On the other hand, God has pronounced some things ugly (sin, Satan, the factions of the Corinthian church, the hypocrisy of the Pharisees, legalism, the church at Laodicea, and the domineering Diotrephes). The pastor's point was that one who believes that beauty is in the eye of the beholder is sailing on a sea of subjectivity and that belief will bleed over into other areas.
HEY, RAY!
It's the same sentiment expressed in the 1970 hit song, "Everything is Beautiful" by Ray Stevens. The lyrics of the song need to be analyzed, especially those in italics:
Everything is beautiful
In its' own way
Like a starry summer night
Or a snow covered winter's day
Everybody's beautiful
In their own way
Under God's heaven
The world's gonna find a way
Midway through, the song changes from "Everything is beautiful" to:
Everybody's beautiful
In their own way
Therefore, we see that categories vanish, drowned in the Sea of Relativism. Malcolm Muggeridge wrote, "Human depravity is the most empirically verifiable fact," yet the monolithic American educational system teaches the impressionable, "There's no such thing as human depravity." Talk about a denial of reality!
IDEAS HAVE CONSEQUENCES
The hermetically sealed university system won't advise the students of the consequences of the sealing out of absolute truth:
"If there is no absolute truth, no standard of right and wrong that we are all accountable to, then we can never be sure of anything. People would be free to do whatever they want—murder, rape, steal, lie, cheat, etc., and no one could say those things would be wrong. There could be no government, no laws, and no justice, because one could not even say that the majority of the people have the right to make and enforce standards upon the minority. A world without absolutes would be the most horrible world imaginable." (author unknown)

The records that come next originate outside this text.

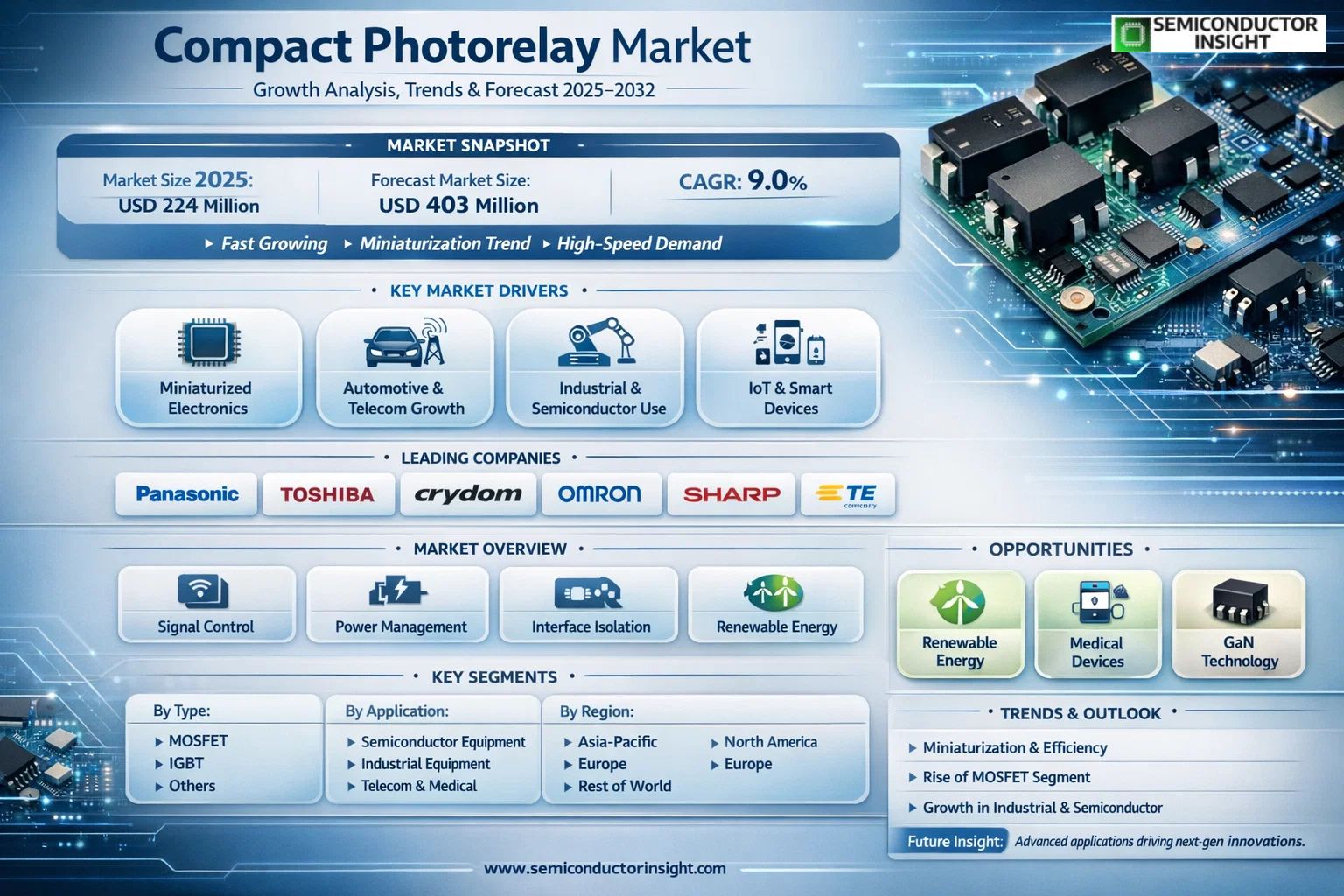 Compact Photorelay Market 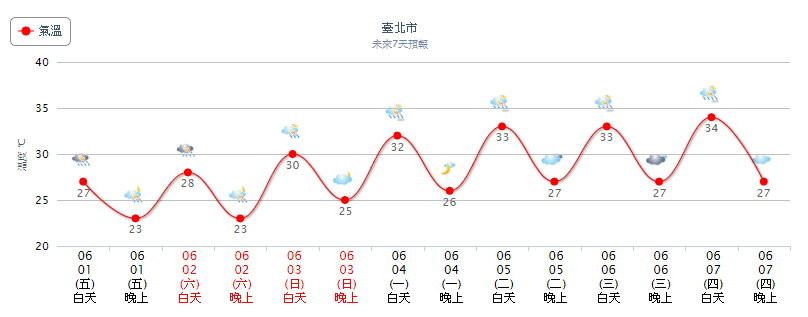 天氣圖。（圖／氣象局）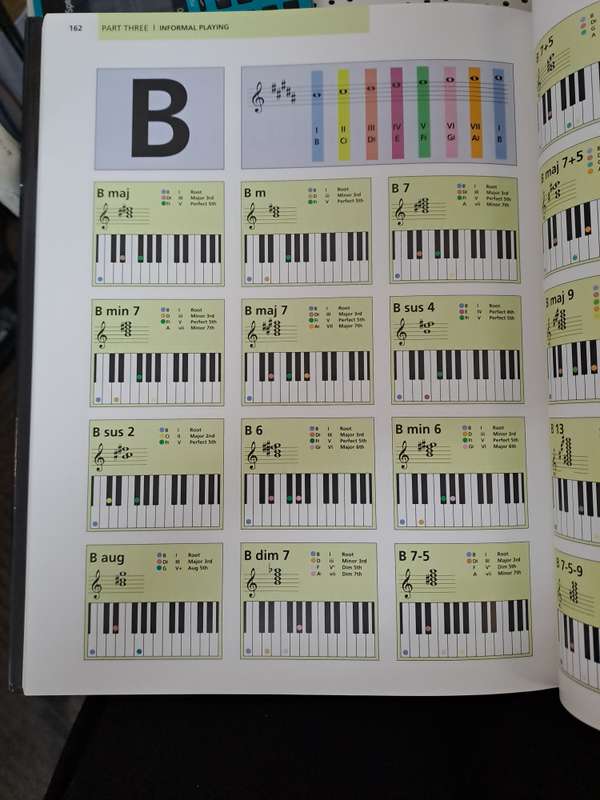 TOTAL PIANO TUTOR.  BY T Burrows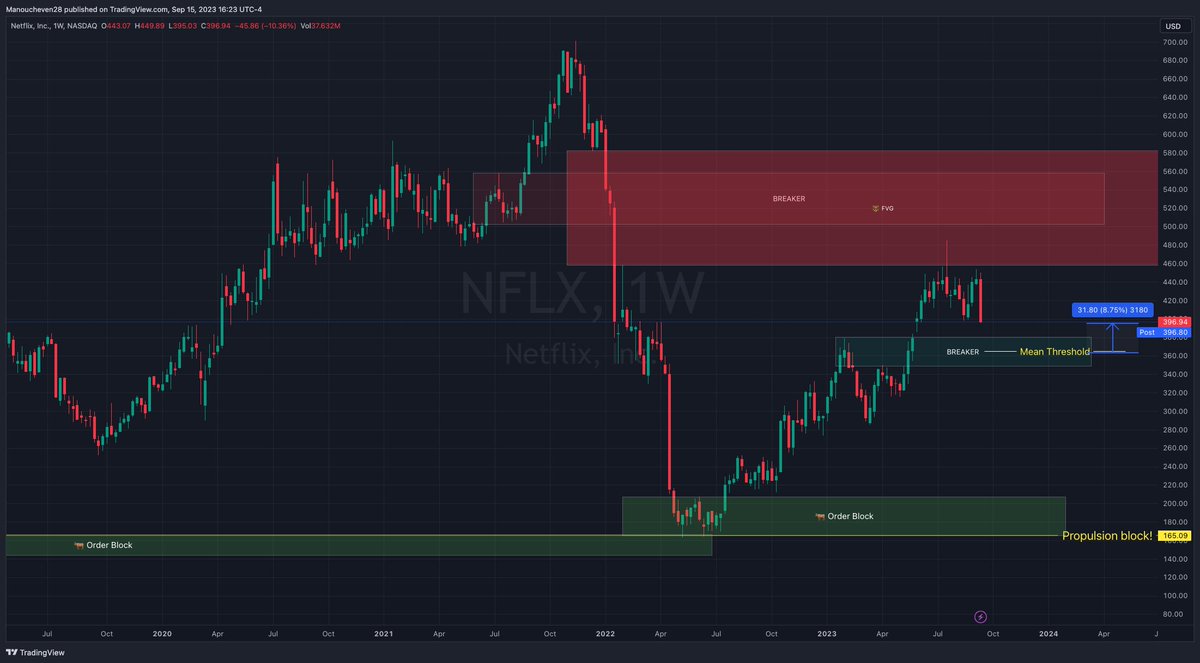 BlackSwanOpt's tweet photo. @deltagammaqueen $NFLX weekly: charted today, looks like $365 area https://t.co/l9RDpWYlBk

Look at the ever-developing consequences of a hermetically sealed campus, The University of Southern California, when a Jewish author arrived on campus to speak. He said:
"It used to be a pleasure for me to speak on a college campus like USC. I can remember the days when I could stroll onto the USC campus and walk over to the statue of Tommy Trojan . . . Now, however, I can’t set foot on this campus – or any campus – without being accompanied by a personal bodyguard and a battalion of armed campus security police to protect me and my student hosts." (David Horowitz, Nov. 4, 2009)
Another Jewish speaker/author, Ben Shapiro, needed police protection and many of his supporters were physically assaulted for attending his speech. Two universities, DePaul and UCLA canceled his speech because the administrations of said schools said that they couldn't (or wouldn't?) provide adequate protection for his appearance. In the speech that wasn't canceled, a mob formed outside and pulled the fire alarm to stop the meeting.
Recently, a group at an Ivy League university holding up hostile placards greeted Christian apologist, author, philosopher, and international speaker, Ravi Zacharias, who was to speak on campus. That same day, he received a note from a friend overseas who promised to pray for his safety because he said, "I know you're entering the hostile territory of an American university."
ABC "World News Tonight" on April 5, 2017, reported that the stealing of college newspapers in which someone finds something objectionable has increased nearly 600 percent over the past decade.
The ABC news program also reported that many schools have rules that ban words that result in another person's loss of self-esteem. One might wonder what would happen if someone paid for an ad in a college newspaper in which the gospel was given and the reader was given a number to call if he had questions. (Romans 3:23 and 6:23 aren't self-esteem building texts.)
In March 2009, Wright State University banned a Christian group from meeting on
campus because of its requirement that voting members be Christian and because of
its refusal to accept “nondiscrimination” language that would eliminate
faith-based standards for its voting members. After seeking legal help, the Campus Bible Fellowship got the ban lifted.
Amazing isn't it? American universities, sealing off absolute truth and even the consideration of it are becoming violent places of antisemitism and hostile to Christianity.